Studenti del “Casimiri” in Spagna con il progetto Erasmus

Dal 19 al 25 maggio quattordici studenti delle classi quarte dell’Istituto di istruzione superiore “Raffaele Casimiri” (sezioni A, B, C, L) hanno partecipato alla terza mobilità del progetto Erasmus+ “Out of the dark” a Fuenlabrada, Spagna.

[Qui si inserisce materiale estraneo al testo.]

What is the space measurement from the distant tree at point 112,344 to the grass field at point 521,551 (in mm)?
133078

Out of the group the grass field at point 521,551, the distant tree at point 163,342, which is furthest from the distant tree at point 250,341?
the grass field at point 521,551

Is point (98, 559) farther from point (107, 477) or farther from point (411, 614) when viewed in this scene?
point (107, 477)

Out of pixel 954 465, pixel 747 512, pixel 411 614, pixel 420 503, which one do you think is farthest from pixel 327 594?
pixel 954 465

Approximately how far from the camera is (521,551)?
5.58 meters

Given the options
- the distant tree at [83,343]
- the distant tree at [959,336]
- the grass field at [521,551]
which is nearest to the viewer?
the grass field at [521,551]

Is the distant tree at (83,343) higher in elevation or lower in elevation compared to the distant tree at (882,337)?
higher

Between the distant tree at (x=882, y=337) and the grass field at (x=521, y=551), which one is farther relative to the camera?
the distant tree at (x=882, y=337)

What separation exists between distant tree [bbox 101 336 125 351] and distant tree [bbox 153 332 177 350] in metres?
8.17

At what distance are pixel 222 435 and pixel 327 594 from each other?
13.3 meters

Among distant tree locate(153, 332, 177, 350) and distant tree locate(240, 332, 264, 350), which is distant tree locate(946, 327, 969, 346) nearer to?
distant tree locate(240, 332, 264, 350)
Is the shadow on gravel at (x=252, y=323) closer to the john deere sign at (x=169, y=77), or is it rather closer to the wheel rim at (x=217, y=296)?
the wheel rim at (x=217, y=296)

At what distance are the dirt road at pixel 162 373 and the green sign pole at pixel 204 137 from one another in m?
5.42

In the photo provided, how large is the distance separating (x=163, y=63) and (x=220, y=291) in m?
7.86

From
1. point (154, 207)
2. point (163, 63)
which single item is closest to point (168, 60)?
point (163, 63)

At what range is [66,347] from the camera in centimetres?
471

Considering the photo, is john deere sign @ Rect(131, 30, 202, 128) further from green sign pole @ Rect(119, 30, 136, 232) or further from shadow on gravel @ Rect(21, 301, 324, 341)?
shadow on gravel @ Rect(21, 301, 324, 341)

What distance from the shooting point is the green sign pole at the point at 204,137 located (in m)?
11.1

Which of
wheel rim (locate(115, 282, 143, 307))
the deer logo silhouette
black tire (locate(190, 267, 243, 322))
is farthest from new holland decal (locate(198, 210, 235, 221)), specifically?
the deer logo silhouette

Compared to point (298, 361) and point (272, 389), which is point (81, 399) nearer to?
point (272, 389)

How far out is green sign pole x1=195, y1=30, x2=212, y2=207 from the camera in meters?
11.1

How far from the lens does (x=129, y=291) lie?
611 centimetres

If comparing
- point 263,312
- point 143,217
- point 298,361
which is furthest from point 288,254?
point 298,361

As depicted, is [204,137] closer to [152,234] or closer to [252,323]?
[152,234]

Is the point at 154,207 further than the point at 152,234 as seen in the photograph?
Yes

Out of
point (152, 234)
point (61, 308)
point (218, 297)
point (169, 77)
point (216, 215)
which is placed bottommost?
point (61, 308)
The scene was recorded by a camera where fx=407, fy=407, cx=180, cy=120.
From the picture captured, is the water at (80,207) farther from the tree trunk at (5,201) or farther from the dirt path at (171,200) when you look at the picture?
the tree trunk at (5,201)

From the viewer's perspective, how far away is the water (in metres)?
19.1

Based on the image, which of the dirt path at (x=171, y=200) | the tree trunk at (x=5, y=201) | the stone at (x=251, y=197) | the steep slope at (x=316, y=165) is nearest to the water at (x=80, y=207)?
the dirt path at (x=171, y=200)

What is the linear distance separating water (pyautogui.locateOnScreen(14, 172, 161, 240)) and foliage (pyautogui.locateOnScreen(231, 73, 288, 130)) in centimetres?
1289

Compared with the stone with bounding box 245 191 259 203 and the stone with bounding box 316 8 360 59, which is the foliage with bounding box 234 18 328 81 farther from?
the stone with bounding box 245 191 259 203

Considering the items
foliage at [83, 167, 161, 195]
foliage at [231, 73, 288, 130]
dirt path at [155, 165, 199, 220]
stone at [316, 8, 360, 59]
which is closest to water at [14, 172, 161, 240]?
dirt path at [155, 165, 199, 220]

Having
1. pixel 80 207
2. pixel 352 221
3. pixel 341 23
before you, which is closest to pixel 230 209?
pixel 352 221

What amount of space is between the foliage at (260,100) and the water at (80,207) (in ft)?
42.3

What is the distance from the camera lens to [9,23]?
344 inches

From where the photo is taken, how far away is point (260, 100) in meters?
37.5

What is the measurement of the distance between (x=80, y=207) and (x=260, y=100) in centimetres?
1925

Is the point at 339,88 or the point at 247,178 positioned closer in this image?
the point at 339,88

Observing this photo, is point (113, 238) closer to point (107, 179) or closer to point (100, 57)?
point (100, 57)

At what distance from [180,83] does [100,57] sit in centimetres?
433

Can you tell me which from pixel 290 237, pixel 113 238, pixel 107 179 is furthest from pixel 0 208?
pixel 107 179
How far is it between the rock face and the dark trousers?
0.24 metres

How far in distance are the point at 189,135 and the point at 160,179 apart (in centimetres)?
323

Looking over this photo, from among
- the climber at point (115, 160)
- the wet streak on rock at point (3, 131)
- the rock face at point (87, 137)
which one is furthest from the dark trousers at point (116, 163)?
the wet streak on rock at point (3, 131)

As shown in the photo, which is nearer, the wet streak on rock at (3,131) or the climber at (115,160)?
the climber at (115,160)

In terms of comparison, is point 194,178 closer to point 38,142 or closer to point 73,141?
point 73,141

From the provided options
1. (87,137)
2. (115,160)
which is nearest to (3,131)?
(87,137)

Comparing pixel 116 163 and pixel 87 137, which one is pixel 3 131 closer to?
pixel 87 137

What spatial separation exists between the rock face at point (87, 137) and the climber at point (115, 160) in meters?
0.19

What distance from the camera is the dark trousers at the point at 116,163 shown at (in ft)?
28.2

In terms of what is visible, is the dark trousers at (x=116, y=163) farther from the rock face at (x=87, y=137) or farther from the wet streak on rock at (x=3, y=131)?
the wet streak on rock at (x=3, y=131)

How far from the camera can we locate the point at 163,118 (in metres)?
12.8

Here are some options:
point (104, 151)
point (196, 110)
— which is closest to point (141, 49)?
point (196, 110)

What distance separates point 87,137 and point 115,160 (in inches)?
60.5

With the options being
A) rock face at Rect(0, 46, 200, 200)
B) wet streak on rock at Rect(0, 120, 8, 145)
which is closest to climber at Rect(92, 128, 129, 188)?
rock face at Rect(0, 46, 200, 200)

Durante la settimana i ragazzi sono stati ospitati da famiglie di studenti e docenti e hanno frequentato l’Istituto di istruzione superiore IES Carpe Diem. Come avvenuto durante le precedenti mobilità in Svezia (maggio 2018) e in Italia (novembre 2018), le attività didattiche hanno permesso agli studenti di approfondire ulteriormente le conoscenze in campo scientifico, umanistico, culturale ed astronomico. Di grande rilievo è stata la visita al “Madrid Deep Space Communication Centre”, una rete di connessione capace di ricevere e scaricare dati dalle stazioni spaziali e satellitari.

La mobilità in Spagna rappresenta la fase conclusiva del progetto iniziato a settembre 2017, che aveva come obiettivo principale l’approfondimento dello studio delle materie scientifiche e umanistiche con il focus sull’astronomia e la creazione di un’accademia caratterizzata dall’integrazione dei diversi saperi. Altri obiettivi raggiunti riguardano la conoscenza di usi e costumi diversi nei tre paesi partecipanti, che ha contribuito a superare le divergenze causate dalle differenti abitudini. L’uso costante della lingua inglese durante tutte le attività ha contribuito al consolidamento delle competenze linguistiche.

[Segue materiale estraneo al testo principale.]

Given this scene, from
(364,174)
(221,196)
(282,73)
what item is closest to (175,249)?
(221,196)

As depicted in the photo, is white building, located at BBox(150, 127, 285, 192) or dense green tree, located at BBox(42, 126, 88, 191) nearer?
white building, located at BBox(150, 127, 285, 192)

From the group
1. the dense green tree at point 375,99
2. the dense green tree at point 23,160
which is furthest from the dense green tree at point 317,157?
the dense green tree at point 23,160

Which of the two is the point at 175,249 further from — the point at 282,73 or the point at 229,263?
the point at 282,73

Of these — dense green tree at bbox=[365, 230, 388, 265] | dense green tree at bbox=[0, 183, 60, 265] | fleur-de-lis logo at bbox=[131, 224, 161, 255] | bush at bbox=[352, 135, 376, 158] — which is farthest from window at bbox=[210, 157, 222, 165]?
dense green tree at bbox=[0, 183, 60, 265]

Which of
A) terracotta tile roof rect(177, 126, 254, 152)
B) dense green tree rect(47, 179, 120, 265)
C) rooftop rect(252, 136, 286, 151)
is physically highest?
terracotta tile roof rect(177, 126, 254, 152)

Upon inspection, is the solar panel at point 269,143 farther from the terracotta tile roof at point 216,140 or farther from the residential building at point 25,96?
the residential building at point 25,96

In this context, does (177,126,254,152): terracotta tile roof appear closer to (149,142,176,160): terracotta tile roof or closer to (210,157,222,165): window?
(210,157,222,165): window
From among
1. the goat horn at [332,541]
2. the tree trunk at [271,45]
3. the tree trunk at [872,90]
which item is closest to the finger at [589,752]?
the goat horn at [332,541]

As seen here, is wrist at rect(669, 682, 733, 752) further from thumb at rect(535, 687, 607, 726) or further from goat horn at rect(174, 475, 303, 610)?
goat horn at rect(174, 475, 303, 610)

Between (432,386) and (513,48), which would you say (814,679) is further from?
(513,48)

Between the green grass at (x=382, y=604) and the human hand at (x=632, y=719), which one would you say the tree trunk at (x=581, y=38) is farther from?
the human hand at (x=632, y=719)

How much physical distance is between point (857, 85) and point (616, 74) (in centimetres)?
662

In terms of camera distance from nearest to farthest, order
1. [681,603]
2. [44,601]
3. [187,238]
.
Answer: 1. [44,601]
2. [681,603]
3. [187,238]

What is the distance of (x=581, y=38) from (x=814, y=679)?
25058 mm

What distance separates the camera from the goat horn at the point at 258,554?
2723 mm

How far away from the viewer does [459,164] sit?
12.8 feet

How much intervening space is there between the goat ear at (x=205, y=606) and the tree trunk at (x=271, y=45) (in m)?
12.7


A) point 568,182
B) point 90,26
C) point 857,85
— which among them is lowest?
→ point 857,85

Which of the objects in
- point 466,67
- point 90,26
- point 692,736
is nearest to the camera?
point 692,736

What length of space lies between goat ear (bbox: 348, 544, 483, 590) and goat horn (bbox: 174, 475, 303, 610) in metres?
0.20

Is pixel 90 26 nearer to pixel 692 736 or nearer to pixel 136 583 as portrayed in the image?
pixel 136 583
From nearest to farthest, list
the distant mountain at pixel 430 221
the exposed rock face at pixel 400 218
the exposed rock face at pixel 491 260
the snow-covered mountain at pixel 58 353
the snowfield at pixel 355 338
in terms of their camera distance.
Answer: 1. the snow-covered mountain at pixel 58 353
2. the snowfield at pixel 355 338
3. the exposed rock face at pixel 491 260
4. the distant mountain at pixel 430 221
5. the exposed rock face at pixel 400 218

L’incontro si è concluso con una rappresentazione teatrale, preparata e messa in scena dagli studenti italiani, che ha riassunto tutti gli stadi del progetto: costruzione del cannocchiale galileiano, della meridiana e del quadrante; misurazione delle altezze delle montagne lunari attraverso foto scattate presso l’Osservatorio dell’Istituto “Casimiri” e relativa stesura di un saggio scientifico; ricerche su Galileo e altri noti scienziati, nonché sui vari miti legati all’astronomia.

Il progetto si conclude con un bilancio decisamente positivo. Un plauso alle docenti e agli studenti partecipanti che, con il lavoro svolto durante questi due anni, hanno reso possibile un’esperienza unica e indimenticabile.